Kloster Einsiedeln auf Instagram: Wie sich Mönche eine Schneeballschlacht liefern

Über 5000 Follower hat das Kloster Einsiedeln auf Instagram. Hier erfährt man, wie Mönche die Haare geschnitten bekommen oder sich eine Schneeballschlacht liefern. Ein Tabu sind die Mönche beim Essen. Warum, sagt Pater Thomas Fässler (36).

Raphael Rauch

Die 5000. Followerin des Klosters Einsiedeln ist eine deutsche Katholikin. Katharina Römer (36) ist seit kurzem Mutter eines kleinen Lorenz und hat viel Zeit, neben dem Stillen auf Social Media zu verbringen.
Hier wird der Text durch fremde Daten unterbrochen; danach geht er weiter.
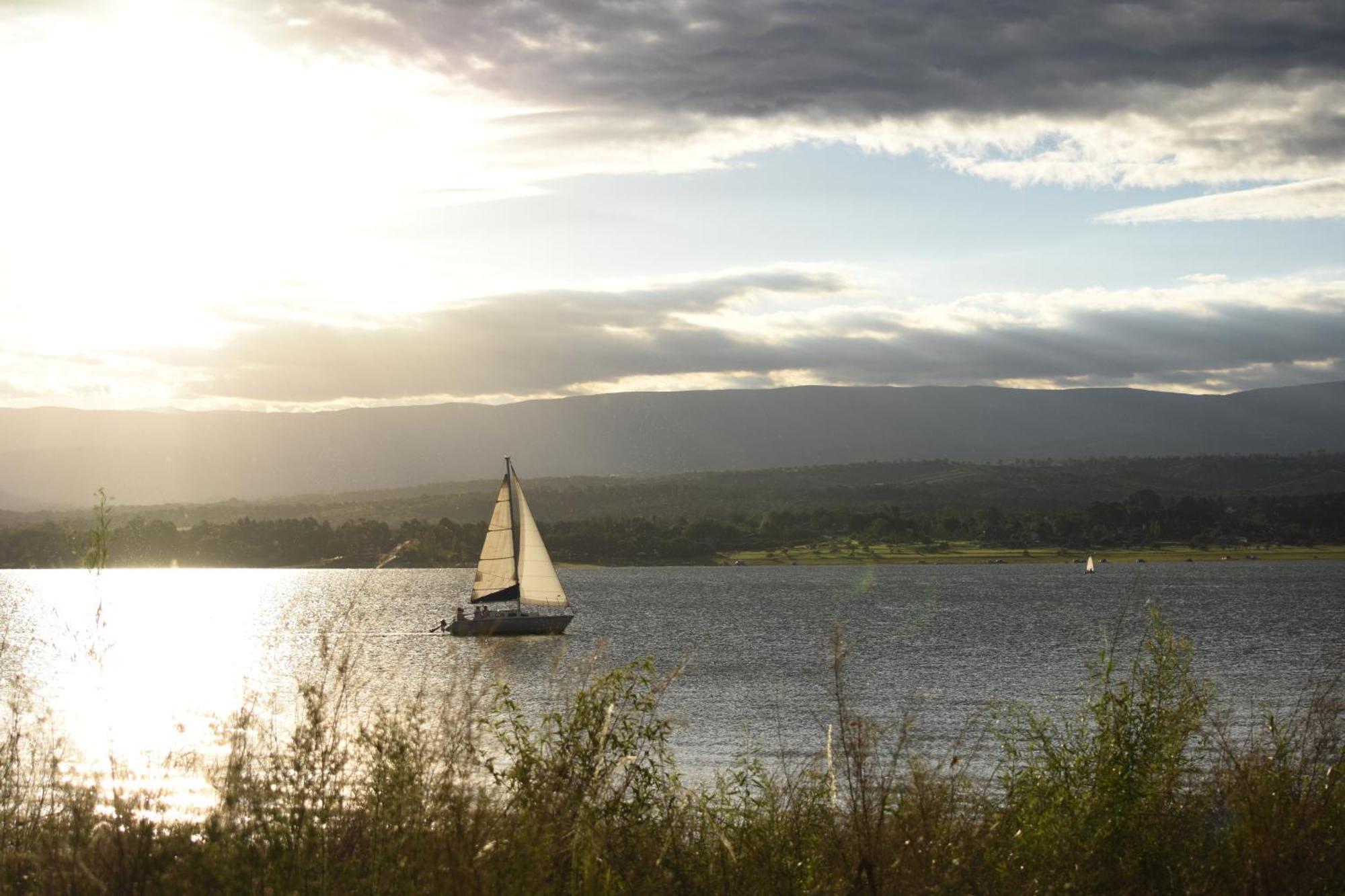 Peperina Lago Los Molinos Villa Ciudad de America Bagian luar foto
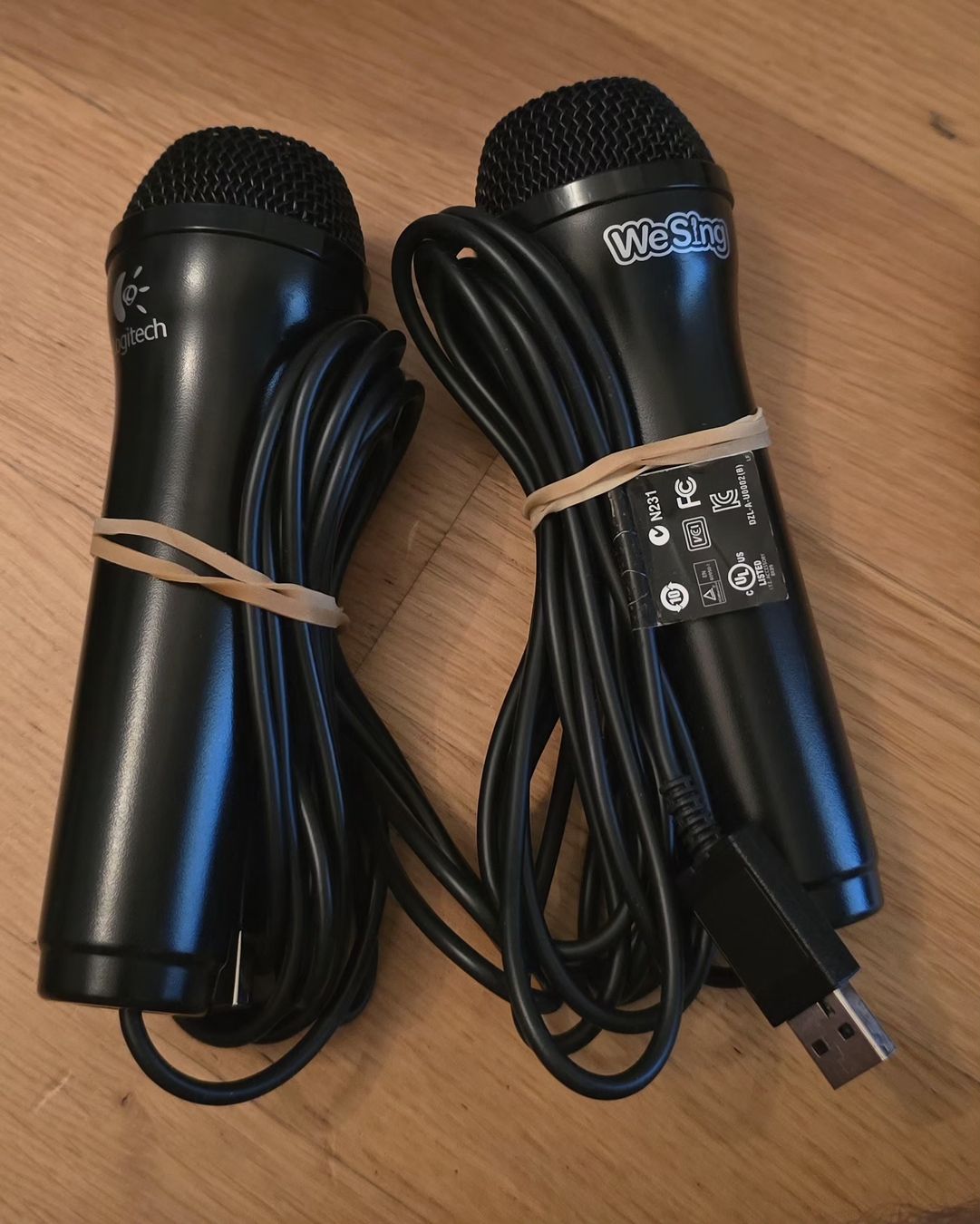 Logitech Microfoni: 2x Microphones Logitech WeSing USB – Usato da Genève venduto da MariaS2 2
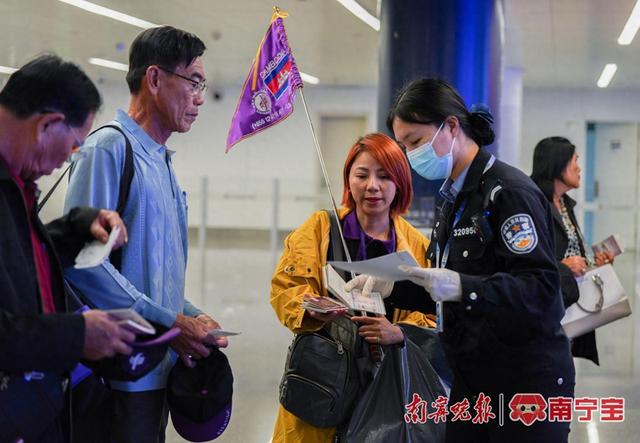 民警指引入境旅游团排队并进行出入境边防检查。通讯员 梁箫 摄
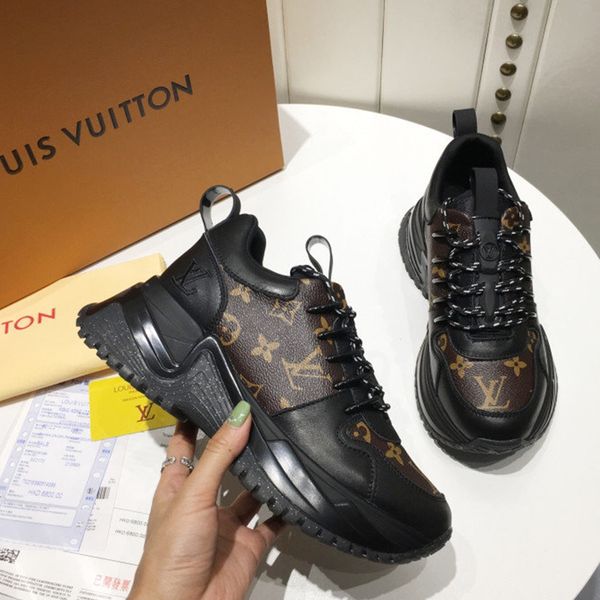 115 new designer luxury women's casual fashion shoes, women's outdoor casual shoes, high-quality materials, with original box, Black
115 new designer luxury women's casual fashion shoes, women's outdoor casual shoes, high-quality materials, with original box, Black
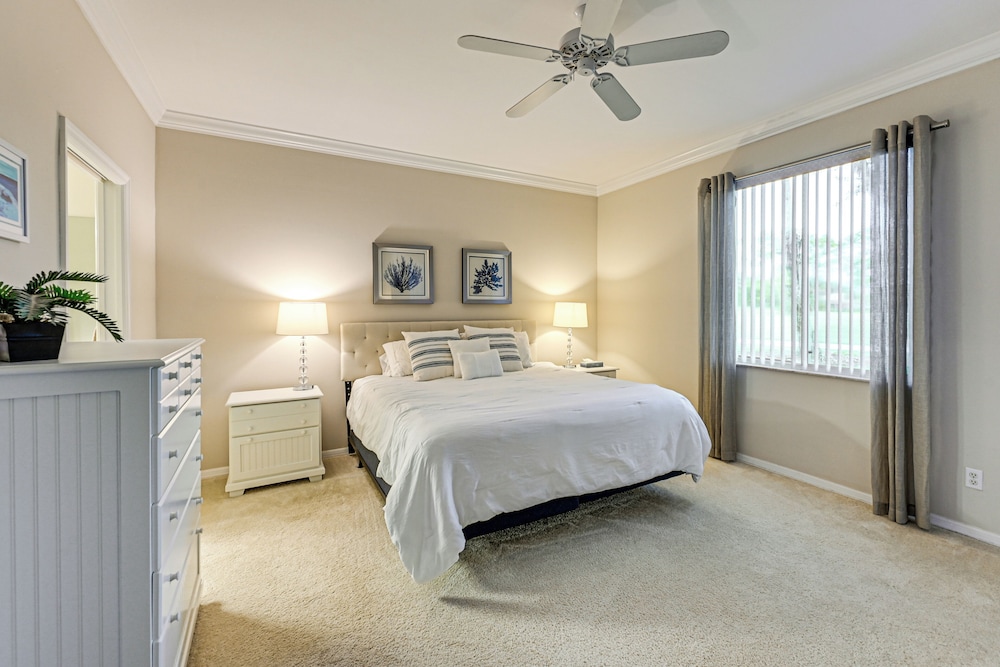 Golf, Swim & Relax! Condo 8 Mi to Dtwn Naples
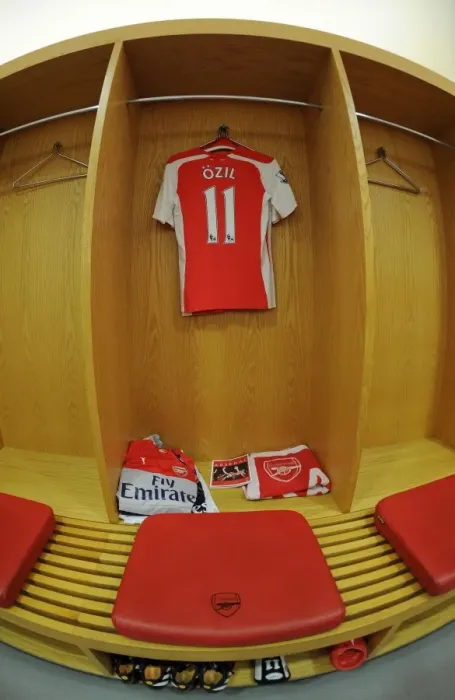 Framed Print : Mesut Ozil: Preparing for Battle in the Arsenal Dress - Arsenal v Tottenham Hotspur, Premier League 2014-15 Framed Print : Mesut Ozil: Preparing for Battle in the Arsenal Dress - Arsenal v Tottenham Hotspur, Premier League 2014-15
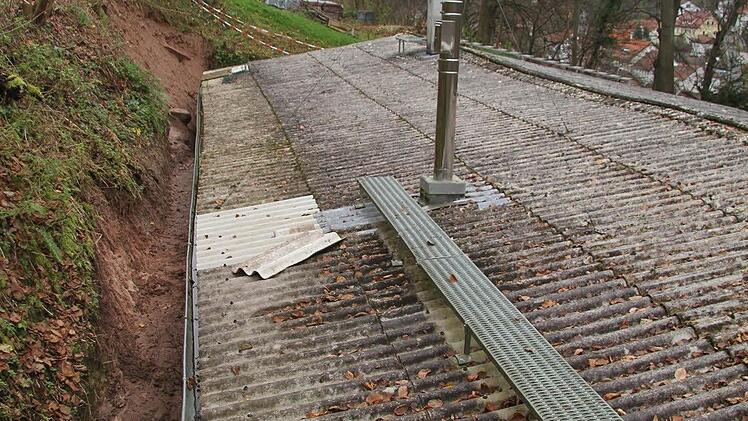 Von oben sieht man die unglaubliche Grableistung,die die Waldfreunde an den Tag gelegt haben, noch besser: Der komplette Sandstein hinterm Waldfreundeheim ist freigelegt worden. Foto: Sonja Adam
Ihr Favorit: Instagram. Beim Klicken und Wischen auf dem Smartphone kam sie (@ka_ro16) auf den Account des Klosters Einsiedeln. «Ich habe mir das Profil des Klosters Einsiedeln angeschaut. Ich finde, es strahlt eine total positive Stimmung aus mit schönen Bildern», sagt die Spanisch- und Religionslehrerin. «Deshalb habe ich den Kanal abonniert und finde es natürlich einen schönen Zufall, dass ich ausgerechnet die 5000. Abonnentin bin. Ich bin gespannt, was ich dort über die Weihnachtstage für Impulse bekommen werde.»

Pater Thomas Fässler
Pater Thomas Fässler

5000 Follower – das ist auch das Verdienst von Pater Thomas Fässler (36). Er betreut den Instagram-Kanal des Klosters. kath.ch hat bei ihm nachgehakt.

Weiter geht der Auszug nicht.